« C’était pas ma guerre ! » Cette fameuse réplique, qui nous a, pour beaucoup, été rendue célèbre grâce à la voix d’Alain Dorval, vient exprimer le désarroi d’un homme, un personnage de cinéma devenu culte, qui ne demandait rien sinon la paix. Depuis les (presque) quarante ans qui nous séparent aujourd’hui de la sortie initiale du film, quasiment tout a déjà été dit sur ce film de légende, qui a été décortiqué et étudié sous toutes les coutures. Mais, à quelques semaines à peine de la sortie de Rambo V : Last Blood, nouvel opus de la saga, un petit retour aux sources semblait assez opportun.
Rambo, c’est l’histoire de ce vétéran du Viêt Nam qui erre de ville en ville sur les routes des États-Unis, à la recherche de ses anciens compagnons d’armes. Loin de l’enfer de la jungle, il cherche un but à son existence, et c’est bien ce qui gêne les forces de l’ordre locales qui voient d’un mauvais œil celui qu’ils considèrent comme un vagabond. Devenu marginal, cible idéale, Rambo devient la proie dans une véritable chasse à l’homme. Mais peut-on réellement chasser un homme quasiment revenu à l’état sauvage ? C’est ce qui constitue tout le cœur de l’intrigue et de la réflexion proposée par Rambo, film d’aventure, d’action et de guerre qui vient ramener l’humanité à ses origines. Plus qu’un film culte, c’est une remarquable illustration de la guerre et de ses effets sur l’Homme.
Le sort réservé à Rambo est à l’image de ce qui arriva à beaucoup de soldats démobilisés après la guerre. Au cinéma, une quarantaine d’années auparavant, Eddie Bartlett, personnage principal des Fantastiques Années 20 (1939) joué par James Cagney, tentait de retrouver sa place dans la société après avoir combattu sur le front français lors de la Première Guerre Mondiale. Il ne put retrouver cette place, et dut se mettre au commerce illégal d’alcool lors de la Prohibition. Ici, la problématique de la réinsertion s’exprime à travers la solitude de Rambo, qui erre seul de ville en ville, qui cherche ses anciens camarades, et qui n’a, apparemment, pas de famille. Pire que de ne pouvoir obtenir cette réinsertion, on la lui refuse. Car Rambo n’est pas juste un soldat devenu vagabond, il est devenu l’esprit de la guerre, qu’on refuse de regarder en face, et qu’on préfère chasser de nos esprits. En effet, en ramenant Rambo dans la forêt, dos au mur, on le ramène dans l’état de bestialité dans lequel la guerre l’a plongé. Mais, au-delà de cela, il a été contaminé par la guerre elle-même, dont il est devenu la représentation.

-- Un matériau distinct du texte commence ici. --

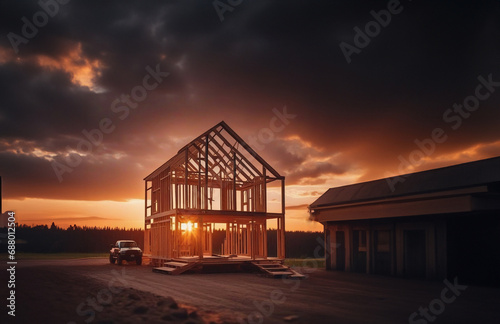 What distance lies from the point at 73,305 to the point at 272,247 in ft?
153

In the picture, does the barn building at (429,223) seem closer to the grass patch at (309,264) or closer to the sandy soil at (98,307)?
the grass patch at (309,264)

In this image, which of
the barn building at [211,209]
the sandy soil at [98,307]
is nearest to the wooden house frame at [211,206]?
the barn building at [211,209]

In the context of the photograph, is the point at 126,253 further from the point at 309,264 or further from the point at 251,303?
A: the point at 251,303

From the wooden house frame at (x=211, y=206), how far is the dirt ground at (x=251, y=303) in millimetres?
7477

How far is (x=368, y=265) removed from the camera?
74.6 feet

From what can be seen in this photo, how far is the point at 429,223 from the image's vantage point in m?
19.5

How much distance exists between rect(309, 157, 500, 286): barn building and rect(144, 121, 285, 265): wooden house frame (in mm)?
4839

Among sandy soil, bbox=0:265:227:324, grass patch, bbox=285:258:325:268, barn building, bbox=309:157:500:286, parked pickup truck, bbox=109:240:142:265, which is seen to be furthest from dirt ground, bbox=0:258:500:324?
parked pickup truck, bbox=109:240:142:265

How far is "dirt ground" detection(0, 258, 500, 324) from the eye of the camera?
1048 cm

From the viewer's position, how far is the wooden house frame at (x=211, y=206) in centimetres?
2562

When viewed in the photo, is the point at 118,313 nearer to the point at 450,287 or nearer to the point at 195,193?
the point at 450,287

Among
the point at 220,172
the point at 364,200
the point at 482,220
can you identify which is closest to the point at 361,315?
the point at 482,220

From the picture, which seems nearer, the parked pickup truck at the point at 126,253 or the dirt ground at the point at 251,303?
the dirt ground at the point at 251,303

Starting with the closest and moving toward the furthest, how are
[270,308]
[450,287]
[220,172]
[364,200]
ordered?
[270,308]
[450,287]
[364,200]
[220,172]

De nos jours, l’idée d’un monde en guerre semble de plus en plus lointaine, même si de nombreux conflits locaux continuent de sévir à plusieurs points du globe. La guerre du Viêt Nam fut un cas très particulier pour les américains, divisant le peuple, ayant l’image d’une guerre impérialiste, terriblement cruelle, et elle représente aussi un échec inédit pour le pays et l’idéologie qu’il prône. Rambo est un épiphénomène de ce conflit et de son image auprès de la population. Enrôlé par son pays, il est devenu, à son retour, un paria, un indésirable. Cette guerre, on ne veut plus la voir. Mais il ne s’agit pas de la dénoncer, il s’agit de l’anéantir en faisant la guerre à la guerre. Ici, c’est la destruction de l’homme par l’homme. Ce n’est pas juste la guerre qui le détruit, ce sont les institutions-mêmes du pays qui la mènent, qui le détruisent. Rambo, c’est l’idée selon laquelle ceux qui mènent et qui approuvent la guerre ne valent pas mieux que ceux qui la font, au contraire, même. Autour, la nature reste reine et spectatrice, pendant que les Hommes se détruisent entre eux.
Si les suites qui seront offertes à ce Rambo prennent totalement son contre-pied en prônant une forme d’action décomplexée et en transformant le vétéran en une machine de guerre, ce premier opus a su faire date dans le genre, en plus de donner naissance au second personnage emblématique qui suivra Sylvester Stallone tout au long de sa carrière. Rambo est un grand moment d’action, mais il va plus loin, faisant de Rambo le porte-voix des victimes de la guerre et de l’horreur qu’elle répand, une âme damnée et brisée, dont les cris et les pleurs résonnent encore dans nos têtes.